Richard J. Perry stakes out what appears to be an extreme position in these debates: that human “biological determinism”—the idea, as he puts it, that our biological makeup “strongly influences, molds, guides, impels, and limits how we feel, how we react, and what we’re likely to do”—is “noxious,” false, unscientific, and in need of constant rebuttal. Now retired after more than three decades as a professor at St. Lawrence University in northern New York, Perry is an anthropologist whose doctoral research and much of his subsequent fieldwork involved stints on an Apache reservation in Arizona. He has in the past forcefully defended his discipline against postmodernists and naïve multiculturalists, and to some extent the arguments in his irritating new book, Killer Apes, Naked Apes, and Just Plain Nasty People, arise from his longstanding belief that scholars in other fields really ought to bone up on anthropology.

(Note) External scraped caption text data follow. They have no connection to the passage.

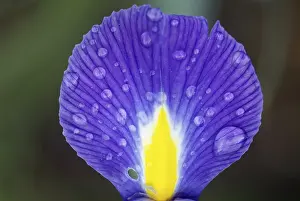 Open Air Blossoms Prints: Iris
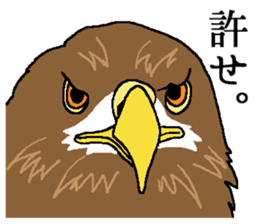 World of Birds picture book sticker #5964169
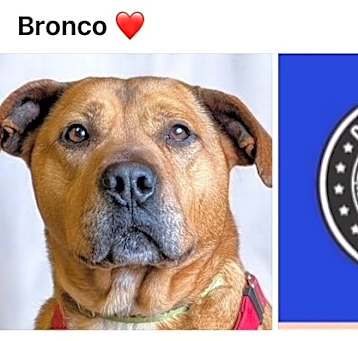 Photo of BRONCO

Perry is chiefly motivated, however, by an admirable concern about the ways that biological determinism can lead to injustice—and the record of the past would seem to give him plenty of material with which to work. “[B]iologically themed arguments,” he writes, have long “asserted the necessity, inevitability, or ‘naturalness’ of slavery, of colonialism, of the inferiority of people designated a particular ‘race,’ of aggressive interpersonal behavior, of male dominance over females, of selfishness, and of war based on territorial ‘imperatives.’” After a quick and superficial sketch of only somewhat relevant ancient and early modern history, he plunges into the bad old days of eugenics.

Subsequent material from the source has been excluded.